Junior Noah Goldberg said he felt the comment about students of color had demonstrated Queally's inability to advocate for all students in his position as rector of the Board. 

"I don't know how [Queally] can make decisions to help students [whom] he considers non-regular,” Goldberg said.

The Board's decision to not change the names was released in a statement to the UR community on March 17 after the BSC called for the names to be removed from buildings in a March 4 statement. The Board wrote in the statement that removing building names would be inconsistent with the pursuit of UR’s educational mission.

In response to the Board’s decision, the BSC called on students, faculty and staff to disaffiliate from UR -- which is defined by the group as ceasing involvement with any UR task forces, student organizations and fundraising -- on March 25. The group originally outlined two disaffiliation deadlines, one on April 1 for seniors and the other on April 15 for other undergraduates, but the date was moved up following the March 17 announcement, according to a Collegian article published on March 18. 

Since March 25, over 90 organizations have posted organization-specific disaffiliation announcements or statements of support for the BSC.

A silent protest occurred during the March 26 meeting, which took place in a tent outside of the Jepson School of Leadership Studies. 

Julie Laskaris, associate professor of classical studies and a member of the Faculty Senate, wrote in an email to The Collegian that Queally's unwillingness to engage in a free and open discussion with the UR community on an issue of such importance violated the tenor that should prevail on an academic campus.  

"In the meeting with staff and faculty, he targeted for abuse the only person of color in the room, apart from President Crutcher," Laskaris wrote. "That, together with his arrogance towards the students who sought to have a conversation with him is something the faculty will not abide in silence."

Laskaris noted in her email that there are standards established by the professional organization for higher education boards of trustees, the Association of Governing Boards, that address diversity, equity and inclusion. Laskaris wrote that, in her view, Queally acted outside of these standards.

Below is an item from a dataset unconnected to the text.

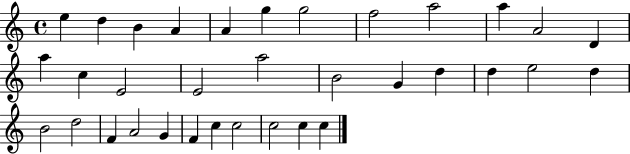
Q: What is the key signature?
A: C major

The seven Faculty Senate members wrote in the March 30 statement that faculty would be willing to work with the Board to find an appropriate way to acknowledge UR’s institutional history without retaining Freeman and Ryland’s names.

The seven Faculty Senate members who wrote the statement are Karen Kochel, professor of psychology; Stephen Long, professor of political studies and global studies; Cassandra Marshall, professor of finance and member of the senate executive committee; Noah Sachs, professor of law, director of the Robert R. Merhige Jr. Center for Environmental Studies and member of the Faculty Senate executive committee; Andrew Schoeneman, program chair and assistant professor of nonprofit studies and Faculty Senate chair of committee on committees; Peter Smallwood, professor of biology and Faculty Senate vice president and Thad Williamson, professor of leadership studies and philosophy, politics, economics and law and Faculty Senate president.

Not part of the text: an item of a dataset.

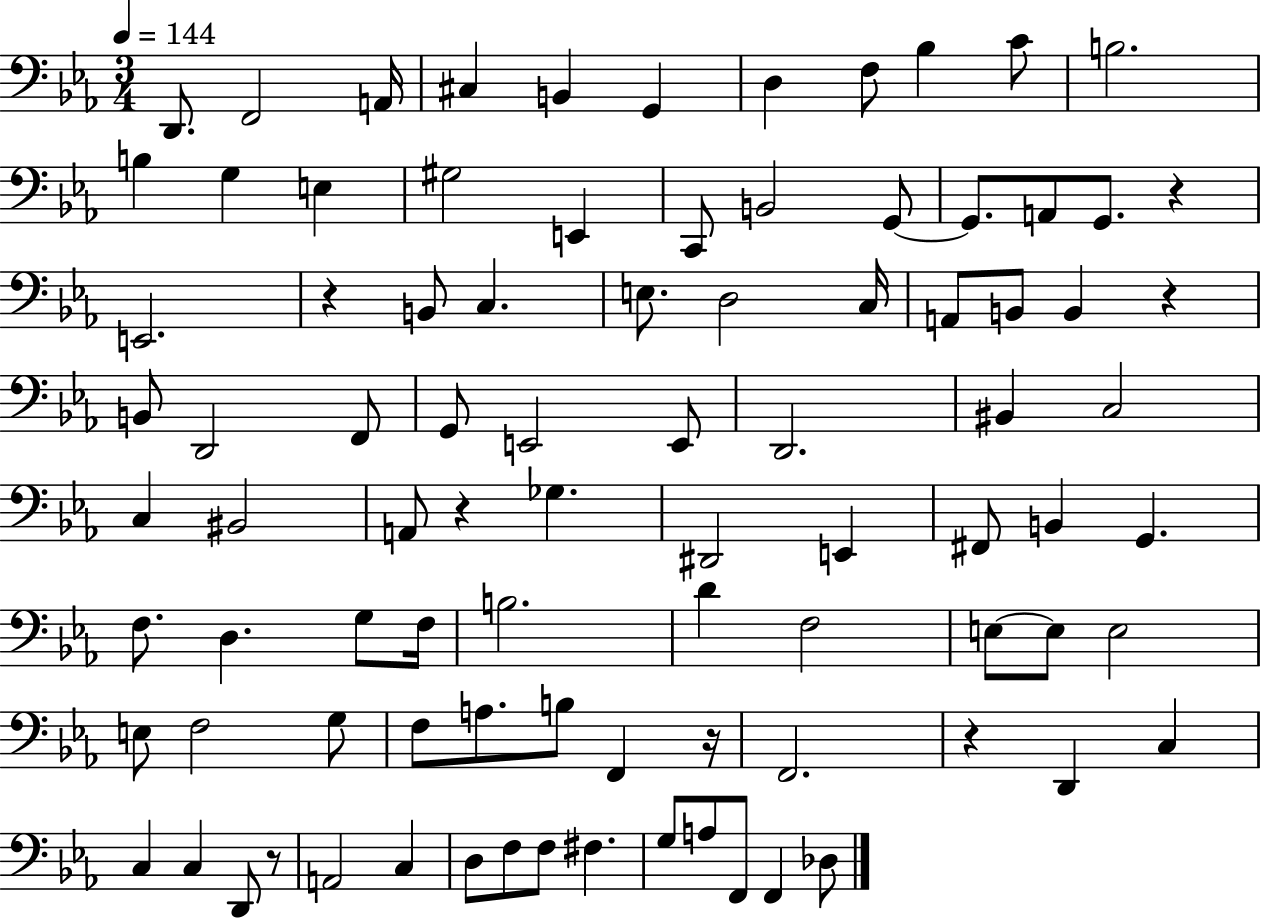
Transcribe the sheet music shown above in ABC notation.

“We remain committed to helping build the University of Richmond that all of our students, faculty, and staff deserve,” they wrote. “We hope in the near future there will be additional opportunities for dialogue with members of the Board of Trustees, and we encourage any Trustee to reach out to members of the Senate publicly or privately to have a more productive dialogue. The painful, embarrassing, and disrespectful meeting of March 26 shows just how much work we have yet to do."

The Faculty Senate previously sent a statement to The Collegian on March 19 stating that it supports removing the names of Freeman and Ryland from UR buildings as a step to achieving the paired goals of telling a more honest institutional history and creating an inclusive and welcoming environment for all current and future students, staff and faculty members.

Williamson wrote in an email to The Collegian that the Faculty Senate would continue to focus on doing its part moving forward.

“We have a lot of work to do as a community,” he wrote.

The Faculty Senate will meet on April 2 at 3:00 p.m., and will discuss items including disaffiliation and the current campus climate, according to the meeting agenda.